Synergistic pH-Responsive Serum Albumin-Based Drug Delivery System for Targeted NSCLC Therapy

Key Preview

• Research Question: Can a synergistic pH-responsive serum albumin-based drug delivery system improve the efficacy of doxorubicin and betulinic acid against non-small cell lung cancer?
• Research Design and Strategy: The study utilized an oil-water micro-emulsion method to encapsulate Dox and BeA within BSA nanoparticles.
• Method: The encapsulation efficiency, drug release profile, and cytotoxic effects were evaluated through a series of in vitro assays on A549 NSCLC cells.
• Key Results: The system demonstrated a high encapsulation efficiency (77% for Dox and 18% for BeA) and enhanced cytotoxic effects compared to the drugs alone, indicating a synergistic interaction.
• Significance of the Research: This study provides a promising strategy for improving the therapeutic effects of existing anticancer drugs while potentially reducing side effects and drug resistance.

Introduction

Non-small cell lung cancer (NSCLC) represents a significant health challenge, accounting for approximately 85% of all lung cancer cases and leading to high mortality rates worldwide. Characterized by its heterogeneous nature, NSCLC includes various subtypes, such as adenocarcinoma, squamous cell carcinoma, and large cell carcinoma. Early-stage detection often leads to better prognoses; however, the majority of patients are diagnosed at advanced stages, where treatment options become limited, and the disease becomes increasingly resistant to conventional therapies.

In traditional treatment strategies for NSCLC, systemic chemotherapy remains a cornerstone, utilizing agents such as doxorubicin (Dox) to inhibit cancer cell proliferation and induce apoptosis. However, the conventional delivery of these chemotherapeutic agents faces several limitations, including poor solubility, lack of specificity to tumor sites, and systemic toxicity. As a result, patients often experience severe side effects, and the efficacy of treatment diminishes over time due to the development of drug resistance. The non-specific nature of chemotherapy not only affects cancer cells but also harms surrounding healthy tissues, leading to adverse outcomes and reduced quality of life.
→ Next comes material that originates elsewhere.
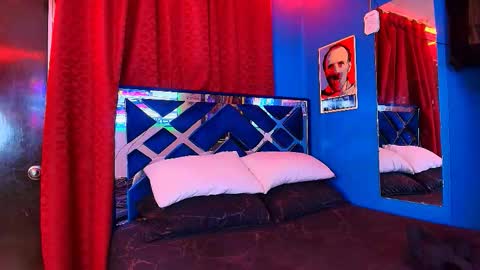 Luke online show from March 27, 5:24 am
These challenges underscore the urgent need for innovative drug delivery strategies that can enhance the therapeutic index of existing anticancer agents while minimizing their toxic effects. A promising approach involves the development of nanosized drug delivery systems (DDS), which can improve drug solubility, stability, and bioavailability. These systems can be designed to facilitate targeted delivery, allowing for higher concentrations of drugs at tumor sites while sparing normal tissues.

This study introduces a novel pH-responsive drug delivery system utilizing bovine serum albumin (BSA) as a carrier for encapsulating both Dox and betulinic acid (BeA), a natural triterpene with demonstrated anticancer properties. By leveraging the unique properties of albumin and the tumor microenvironment’s acidic conditions, this innovative DDS aims to enhance the therapeutic efficacy of the drug combination while mitigating the challenges associated with traditional chemotherapy.

Research Team and Aim

The research was conducted by a multidisciplinary team led by Dr. Zally Torres-Martinez, who spearheaded the project in collaboration with colleagues from various institutions, including the University of Puerto Rico and San Juan Bautista School of Medicine. This collaborative effort culminated in the publication of their findings in the paper titled “A Synergistic pH-Responsive Serum Albumin-Based Drug Delivery System Loaded with Doxorubicin and Pentacyclic Triterpene Betulinic Acid for Potential Treatment of NSCLC,” which appeared in the journal BioTech.

The primary aim of the research, as articulated by Dr. Torres-Martinez, was to develop an effective drug delivery system that could improve the therapeutic outcomes of Dox and BeA in the treatment of non-small cell lung cancer (NSCLC). The team sought to leverage the unique properties of bovine serum albumin (BSA) as a carrier to enhance drug solubility and stability while providing a targeted approach to minimize systemic toxicity and overcome challenges related to chemoresistance.

Experimental Process

Primary Technique

The primary technique employed in this study was the oil-in-water micro-emulsion method for the preparation of bovine serum albumin (BSA)-based nanoparticles (NPs) encapsulating doxorubicin (Dox) and betulinic acid (BeA). This method was chosen for its ability to effectively encapsulate hydrophobic drugs within a biocompatible protein matrix, allowing for targeted delivery and enhanced therapeutic efficacy against non-small cell lung cancer (NSCLC).

Key Steps

1. Preparation of Nanoparticles:

• BSA was dissolved in a 1× phosphate buffer solution at pH 7.4 to achieve a concentration of 5 mg/mL at 40 °C.
• Dox and BeA were separately dissolved in N,N-Dimethylformamide (DMF).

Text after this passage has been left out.